Theoretically, technology and art erupt from opposite ends of the brain. Less theoretically, purists scoff at art created with digital technology’s helping hand.

Such criticism raises a question: What holy tenet of creativity makes an artist’s traditional analog tools fair game and Macs and mouses off limits? Ask Boulder’s Rob Barnes, who creates fine art prints with heaps of hardware and a wall of software, and he’ll tell you a story or two.

“I’m getting scared,” Barnes once told his partner Cathy Berkley. “Anybody can buy the software I’ve got and do what I do.”

“Rob, they’ve been using paintbrushes for thousands of years,” came her response. “It’s your mind.”

Now 51, Barnes took a roundabout career route before getting off at the full-time artist destination. After a stint as a “San Francisco psychedelic hippie in Haight-Asbury,” Barnes returned to his hometown of Atlanta to go to college and study art, with an emphasis in photography. After graduating in the early ’70s, he took a job at “a small little TV station I thought was going to grow, called Turner Broadcasting.” He worked as Turner’s chief photographer for a stretch, then joined the founding CNN team in ’79. As the corporation’s IS director, he helped put in place the first television newsroom computer system, which only now is being phased out as the industry standard.

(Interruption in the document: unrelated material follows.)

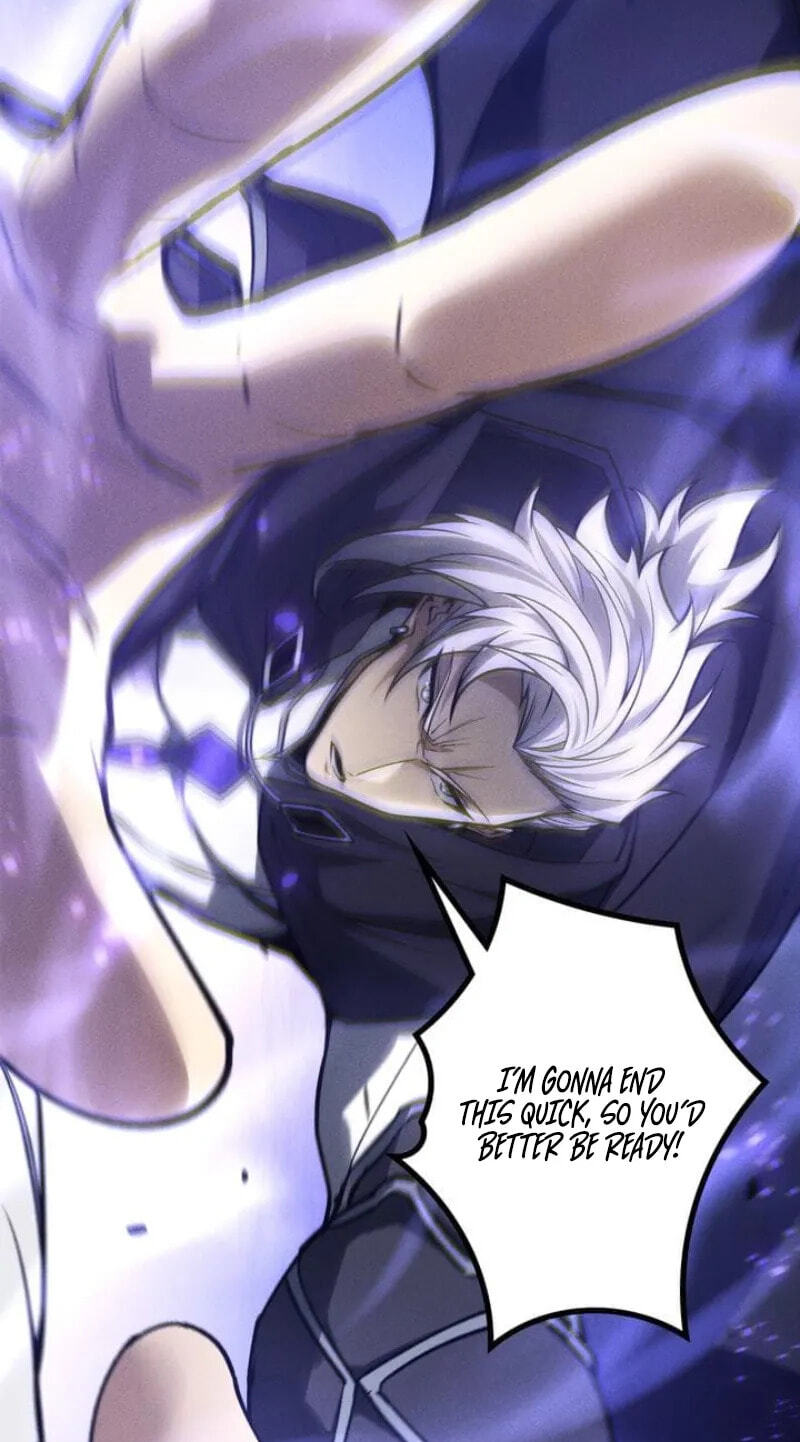 The Strongest at Level 0 : Absolute Domination with the Analysis Skill Chapter 47 page 61 - 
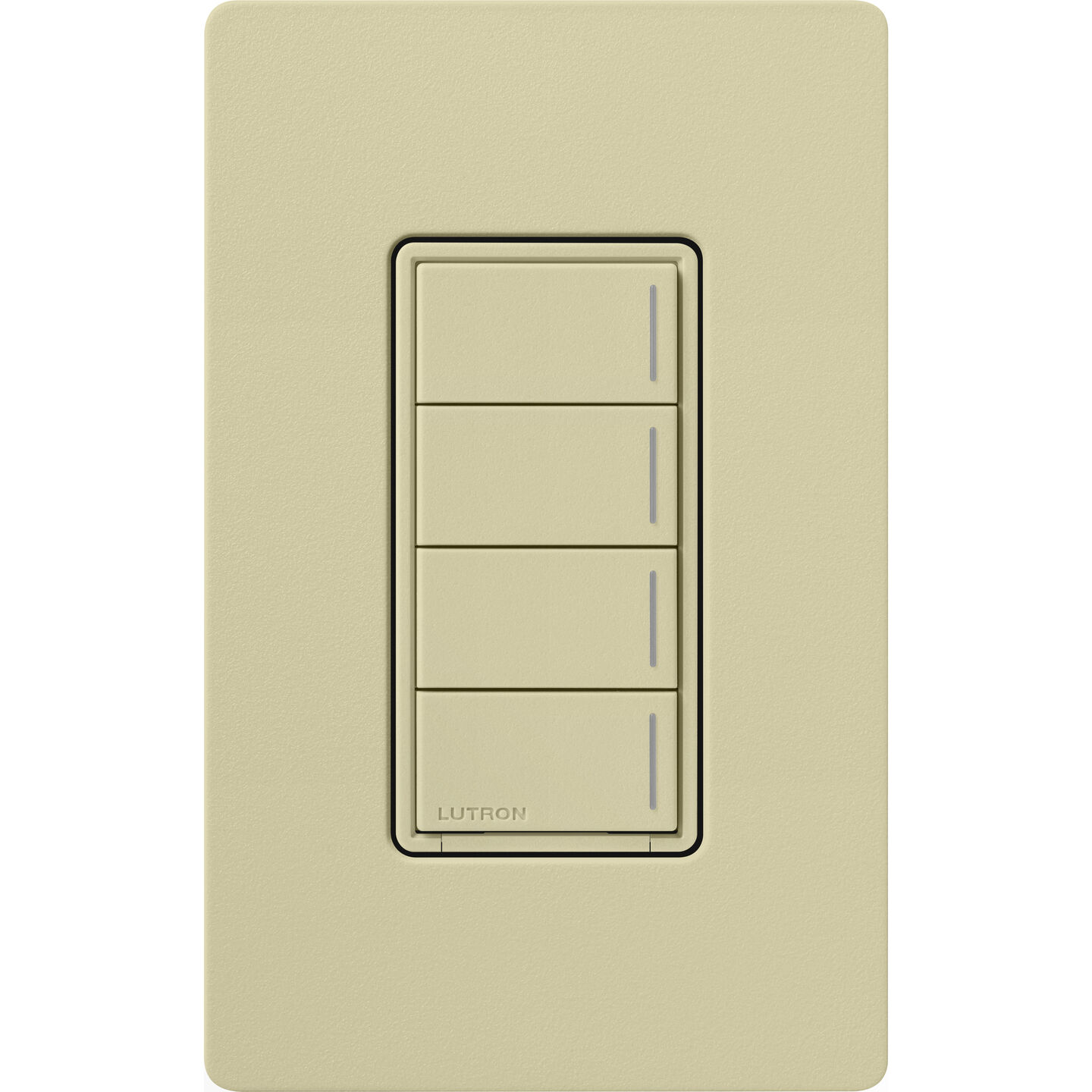 Athena/myRoom XC Sunnata Hybrid Keypad - ARST-HN4B-SA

In ’86, Barnes traded Atlanta for Mountain View, Calif. and CNN for Apple, and worked in development for products such as the Newton, the Apple II and the QuickTime VR Authoring Studio.

After 25 years in corporate America, Barnes “had had it.” Multimedia was supposed to be the future, he said, but CD-ROMs only have a limited shelf life, dictated by the ever-changing drivers in the operating systems of choice. “I wanted to create things that were not obsolete in three years,” he said, “but were unique expressions of the human spirit and just made your life just a little better.”

He left Apple in ’96 and scanned the country for a new place to set up shop and pursue his first loves of art and photography. After considering locales like Austin, Texas, Tucson, Ariz. and Bellingham, Wash., Berkley and Barnes settled on Boulder in ’97.

Post-relocation, Barnes has spent a good deal of his waking hours holed away in his Boulder studio, at once honing his craft and producing his first series of 14 prints. The work itself is hard to pigeonhole, images of landscapes both real and imagined, filtered through the respective analog and digital Cuisinarts of Rob’s mind and his small army of Macs.

Rob might start with some photos of the real world — of a mountain range or an urban intersection, for example — then digitally manipulate them into something that’s partly real and partly surreal, both digital and natural. Or he might create a digitally realized landscape from scratch.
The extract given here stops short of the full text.